-- What you need to do --
Using the entries below, output exactly the lines from the one containing "this 600×900 image." through the final line, both included, and no others.

Top of Source information

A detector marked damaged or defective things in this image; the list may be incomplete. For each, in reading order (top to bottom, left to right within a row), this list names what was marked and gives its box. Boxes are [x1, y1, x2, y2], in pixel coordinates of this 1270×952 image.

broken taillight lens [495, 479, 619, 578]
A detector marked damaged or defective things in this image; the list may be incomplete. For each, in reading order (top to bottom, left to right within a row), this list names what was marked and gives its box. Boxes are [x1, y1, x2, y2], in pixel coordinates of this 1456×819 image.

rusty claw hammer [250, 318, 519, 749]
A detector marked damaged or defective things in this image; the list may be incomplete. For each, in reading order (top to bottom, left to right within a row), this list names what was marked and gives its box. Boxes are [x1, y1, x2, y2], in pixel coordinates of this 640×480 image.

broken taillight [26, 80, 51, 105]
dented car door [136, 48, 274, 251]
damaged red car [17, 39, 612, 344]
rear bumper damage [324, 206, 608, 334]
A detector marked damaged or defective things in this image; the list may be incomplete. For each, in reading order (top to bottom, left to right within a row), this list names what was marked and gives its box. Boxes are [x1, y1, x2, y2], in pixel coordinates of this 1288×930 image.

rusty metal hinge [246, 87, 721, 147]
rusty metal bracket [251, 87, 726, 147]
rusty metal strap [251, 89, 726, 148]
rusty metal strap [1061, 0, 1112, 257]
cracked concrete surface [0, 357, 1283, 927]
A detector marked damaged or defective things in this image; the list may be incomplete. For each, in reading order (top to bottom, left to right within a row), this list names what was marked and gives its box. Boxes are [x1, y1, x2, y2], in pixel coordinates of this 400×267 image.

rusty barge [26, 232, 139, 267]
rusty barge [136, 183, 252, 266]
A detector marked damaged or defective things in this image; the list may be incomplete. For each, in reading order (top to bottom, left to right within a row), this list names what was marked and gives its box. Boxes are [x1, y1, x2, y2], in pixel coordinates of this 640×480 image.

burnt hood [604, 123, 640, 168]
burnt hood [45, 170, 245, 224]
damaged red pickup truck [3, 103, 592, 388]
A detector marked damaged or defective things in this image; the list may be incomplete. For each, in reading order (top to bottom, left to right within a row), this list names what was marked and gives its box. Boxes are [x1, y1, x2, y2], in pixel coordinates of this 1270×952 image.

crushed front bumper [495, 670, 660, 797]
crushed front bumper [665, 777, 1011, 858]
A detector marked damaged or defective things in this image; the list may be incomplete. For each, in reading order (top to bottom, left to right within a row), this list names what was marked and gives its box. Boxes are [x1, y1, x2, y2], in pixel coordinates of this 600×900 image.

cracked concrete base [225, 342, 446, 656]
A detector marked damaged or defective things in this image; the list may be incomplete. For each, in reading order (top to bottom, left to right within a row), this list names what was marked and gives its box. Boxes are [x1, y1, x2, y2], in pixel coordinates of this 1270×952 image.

Bottom of Source information

-- Task result --
A detector marked damaged or defective things in this image; the list may be incomplete. For each, in reading order (top to bottom, left to right within a row), this list names what was marked and gives its box. Boxes are [x1, y1, x2, y2], in pixel coordinates of this 600×900 image.

cracked concrete base [225, 342, 446, 656]
A detector marked damaged or defective things in this image; the list may be incomplete. For each, in reading order (top to bottom, left to right within a row), this list names what was marked and gives its box. Boxes are [x1, y1, x2, y2], in pixel coordinates of this 1270×952 image.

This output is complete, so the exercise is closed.